Bournemouth University’s pioneering Fair Access Research project sees academics from a variety of disciplines working with students, SUBU, student support services and widening participation (WP) practitioners to develop and expand knowledge and expertise in the field of fair access to higher education.

This large collaborative research study is being led by Dr Vanessa Heaslip and Dr Clive Hunt, and forms part of the research being undertaken in the Centre for Fusion Learning, Innovation and Excellence.

Drawing on the expertise of our research team (ranging from nursing to engineering), the Fair Access Research project seeks to understand more fully the complex intersections that are at play when it comes to participation in higher education, and to develop ways to enhance positive student experiences.

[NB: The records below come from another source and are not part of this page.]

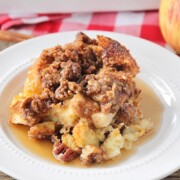 Apple Cinnamon French Toast Bake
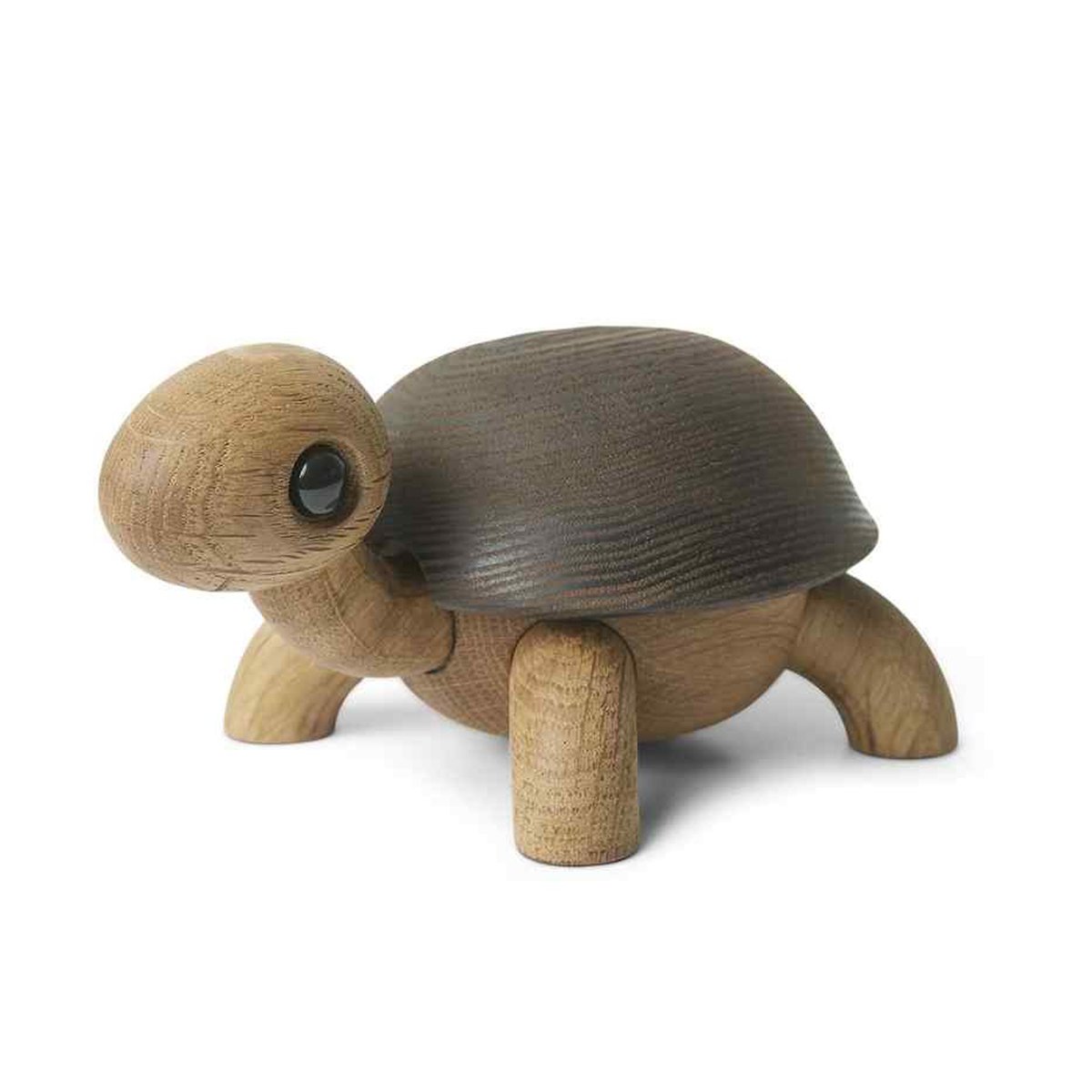 Spring Copenhagen Slowy schildpad decoratie Eikenhout-essenhout
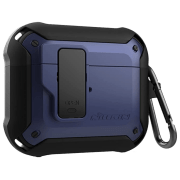 Чехол для наушников Apple AirPods 3 (Bounce Case) Синий Nillkin, PC/ TPU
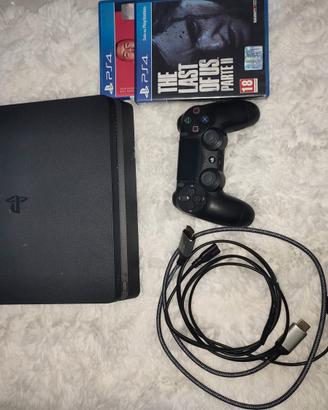 PS4 500 giga pari al nuovo 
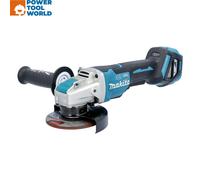 Makita DGA469 18V X-Lock Brushless 115mm Angle Grinder With 831279-0 LXT600 Bag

Underpinned by an ethos of inclusive education, a commitment to student engagement and practice-led research, our Fair Access Research team will learn from the expertise and experiences of students and colleagues to understand what issues arise across the student journey for disadvantaged and marginalised learners.

Our research pays particular attention to students with the following WP characteristics:

  • Mature students
  • Disability
  • Ethnic origin
  • Gender
  • First generation to attend university
  • Socio-economic groups
  • Lower participating neighbourhoods
  • Care leavers.

By examining the experiences of these students, we aim to establish practical ways to promote opportunities, equality and achievement for all students at BU.

The aims and structure of our research

We understand fair access to encompass the whole student experience. So, we are working closely with colleagues at BU to find out:

  • If there are differences in applications and enrollments for students from WP backgrounds
  • If there are any differences in rates of retention for students from different backgrounds
  • Whether there are differences in attainment and degree outcome for students from WP backgrounds
  • How student background affects student experiences at BU.

Once we understand whether there are any differences in participation, we can investigate particular areas in more depth and undertake action research to make positive changes to enhance experience for all students.

This systematic, multi-year study will employ innovative research methods drawn from different disciplines and see students taking part in the co-creation of knowledge to contribute to the understanding of fair access to higher education.

This collaborative practice-led research will shape long-term strategies to support disadvantaged and marginalised learners across the whole student journey.

We will produce a series of research outputs, blog posts, and resources to build the knowledge and understanding of fair access. This can better inform policy makers and practitioners to deliver effective support to make higher education fairer.